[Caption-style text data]
"""
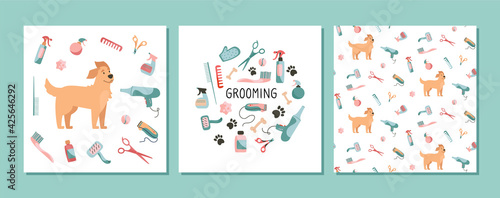 Set with design elements for animal grooming. Pet haircut in cartoon style. Golden Retriever and grooming products, shampoos, wire cutters, combs, scissors. Vector. Seamless pattern and cards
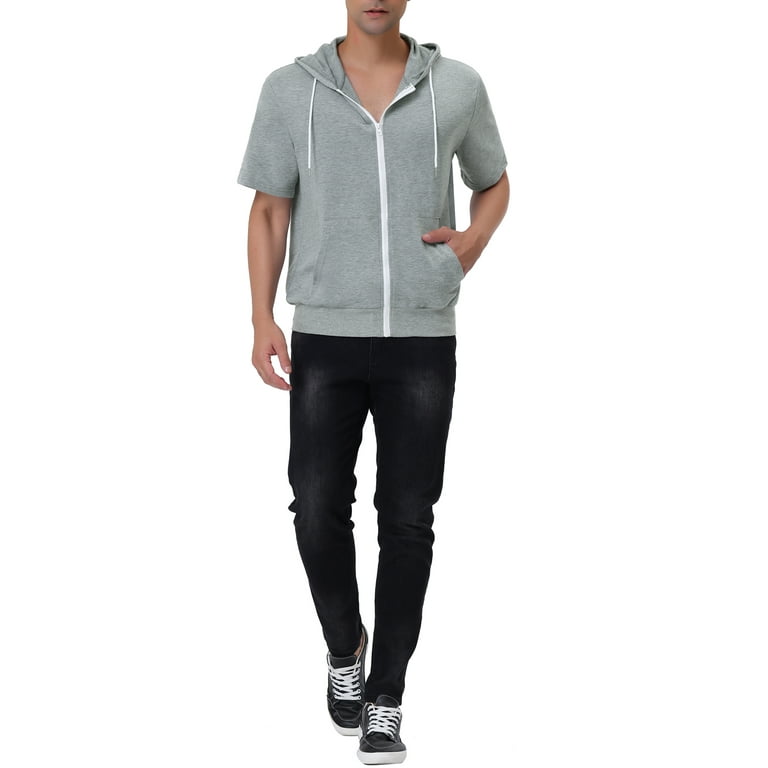 Unique Bargains Men's Short Sleeve Solid Color Zip Up Sport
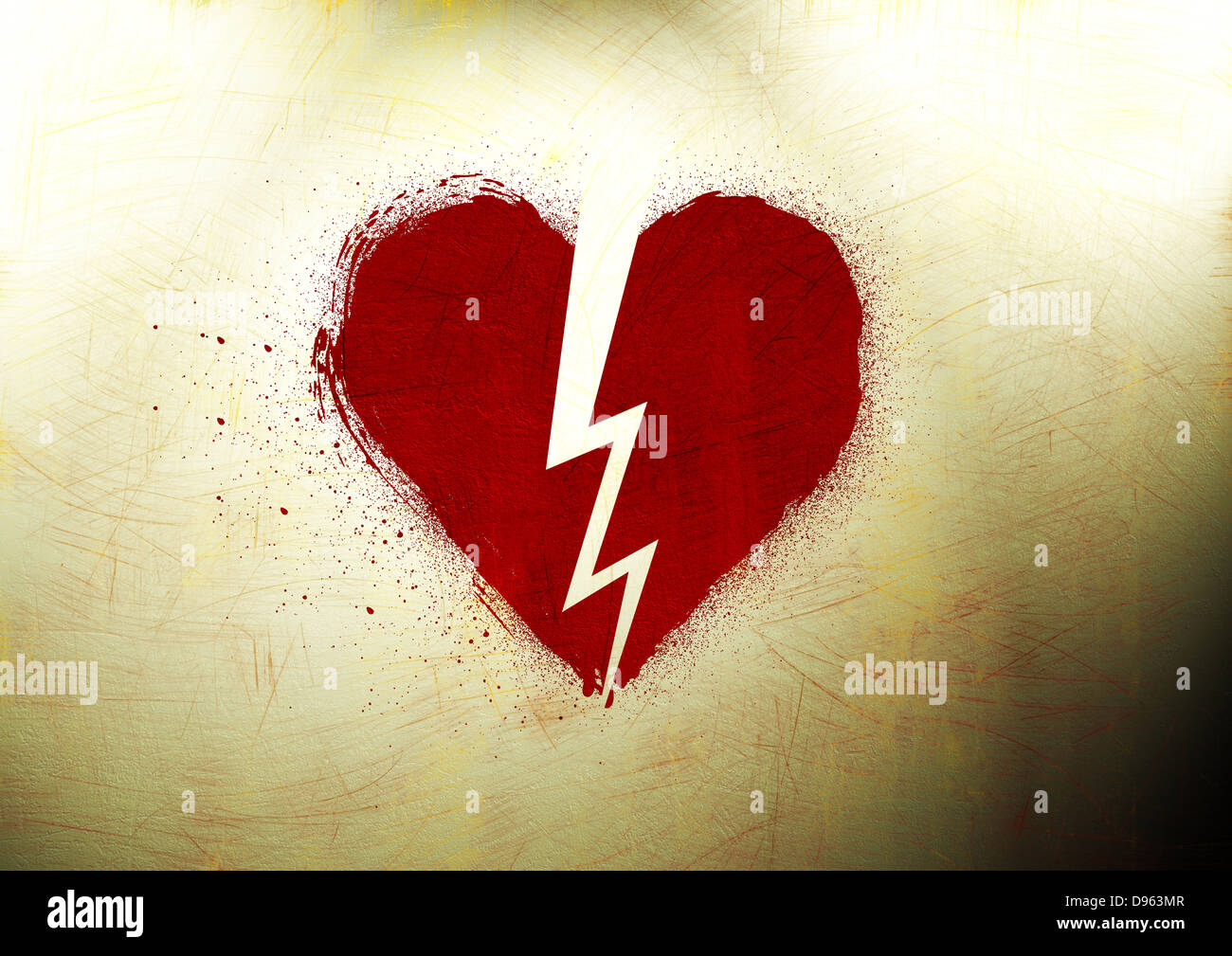 Cœur Brise Sur Grunge Fond Illustration D Un Cœur Brise Photo Stock Alamy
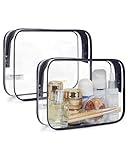 BAGSMART Clear Toiletry Bag, 2 Packs TSA Approved Water resistant Quart Size Travel Organizer, Airport Airline Travel Essential Carry On Makeup Cosmetic Bags for Women, Black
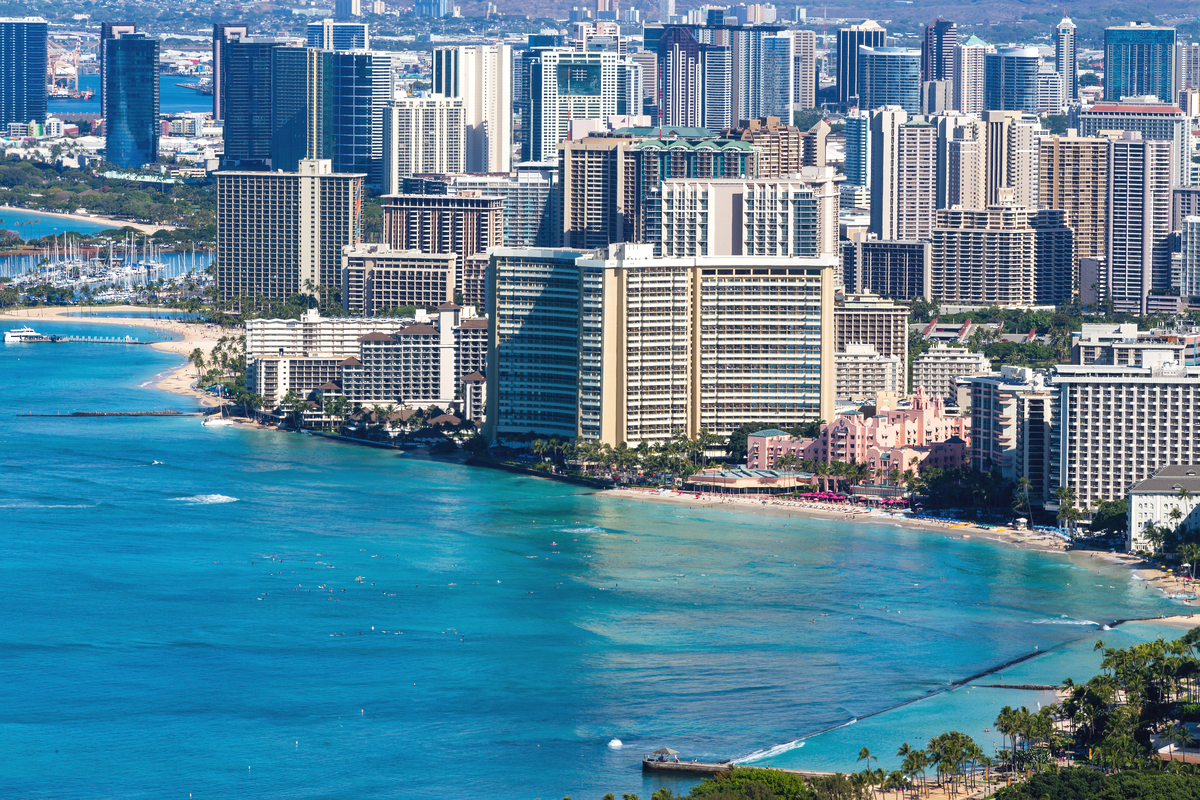 popular tourist attraction and resort in Honolulu, Oahu, Hawaii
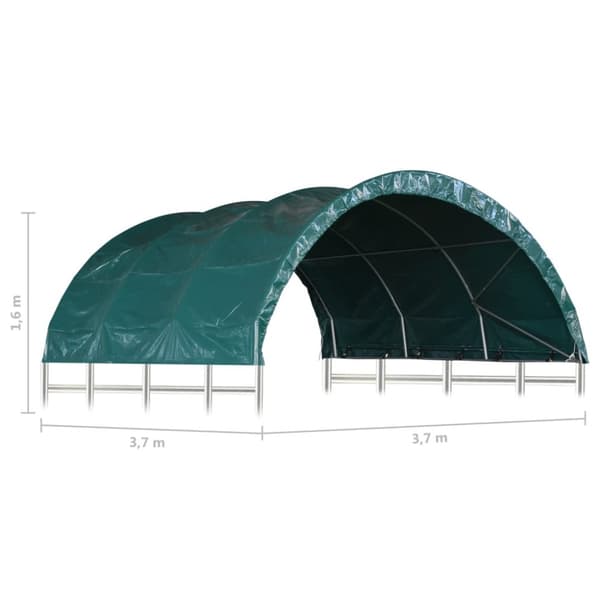 The Living Store Vindskydd för boskap PVC 3,7x3,7 m grön -  Partytält & paviljoner
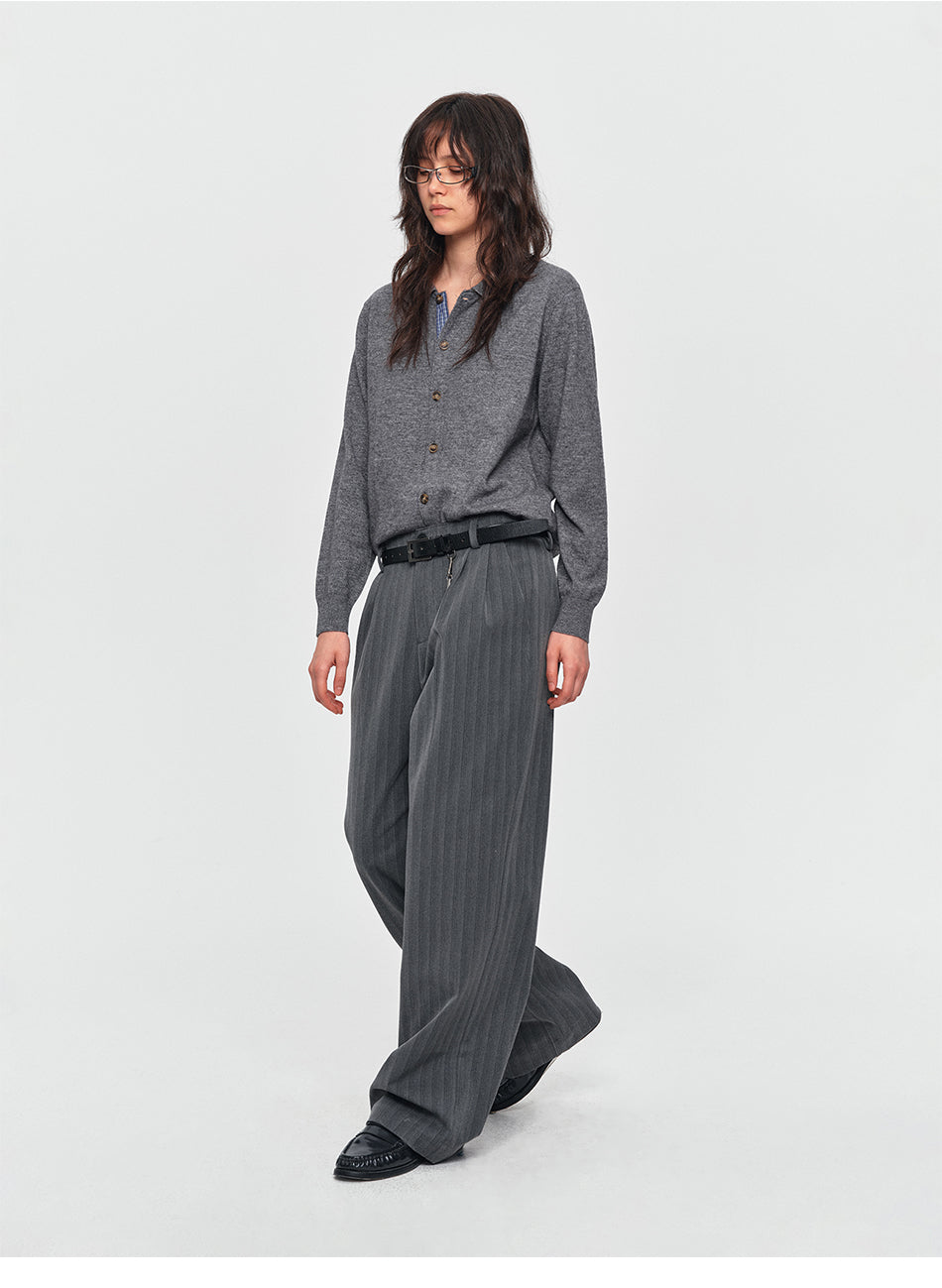 MADWITCH CONTRAST-PLACKET PLAID WOOL-BLEND CARDIGAN #11888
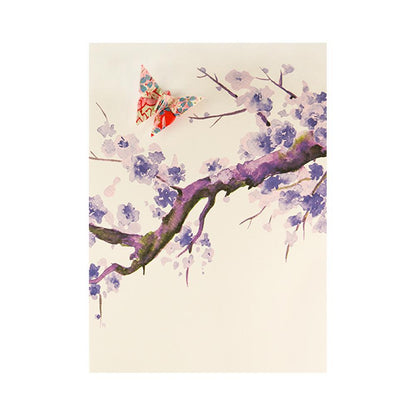 Card Watercolour Sakura Tree Purple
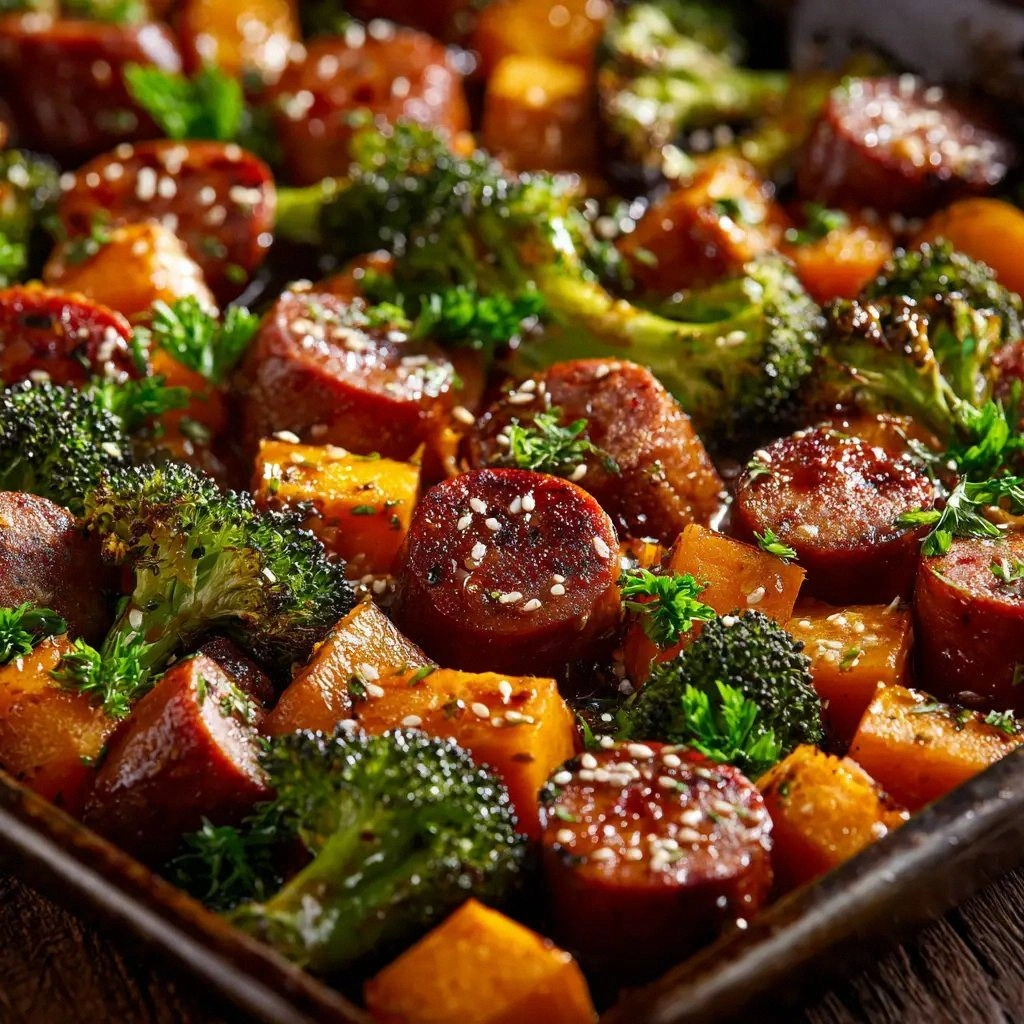 Sheet Pan Sausage and Sweet Po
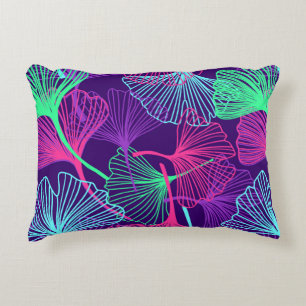 Floral Tropical Gingko Leaves background in neon c Decorative Cushion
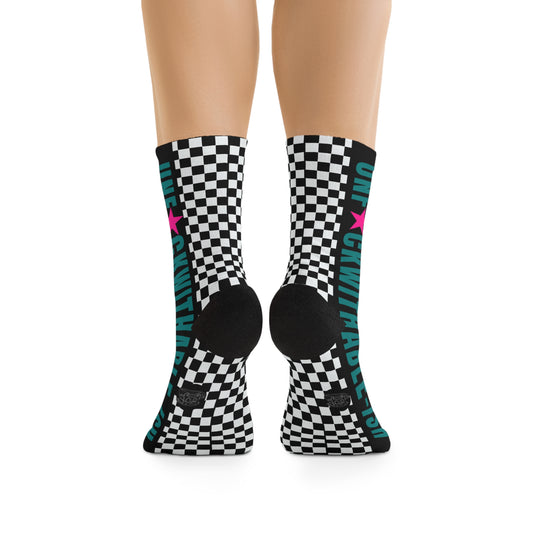 U★ckwithable-ish Retro-Rebel Teal/Hot Pink Recycled Poly Socks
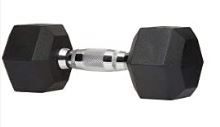 Photo 1 of Amazon Basics Rubber Encased Hex Dumbbell Weight - 13.8 x 6.2 x 5 Inches, 35 Pounds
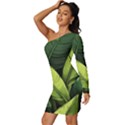 Banana leaves pattern Long Sleeve One Shoulder Mini Dress View2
"""
→ **PROMPT**
Repeat exactly the lines from the one holding "Cœur Brise Sur" through the last line of the entries, both included; the pictures do not belong in the copy.

→ **ANSWER SPACE**
 Cœur Brise Sur Grunge Fond Illustration D Un Cœur Brise Photo Stock Alamy
 BAGSMART Clear Toiletry Bag, 2 Packs TSA Approved Water resistant Quart Size Travel Organizer, Airport Airline Travel Essential Carry On Makeup Cosmetic Bags for Women, Black
 popular tourist attraction and resort in Honolulu, Oahu, Hawaii
 The Living Store Vindskydd för boskap PVC 3,7x3,7 m grön -  Partytält & paviljoner
 MADWITCH CONTRAST-PLACKET PLAID WOOL-BLEND CARDIGAN #11888
 Card Watercolour Sakura Tree Purple
 Sheet Pan Sausage and Sweet Po
 Floral Tropical Gingko Leaves background in neon c Decorative Cushion
 U★ckwithable-ish Retro-Rebel Teal/Hot Pink Recycled Poly Socks
 Photo 1 of Amazon Basics Rubber Encased Hex Dumbbell Weight - 13.8 x 6.2 x 5 Inches, 35 Pounds
 Banana leaves pattern Long Sleeve One Shoulder Mini Dress View2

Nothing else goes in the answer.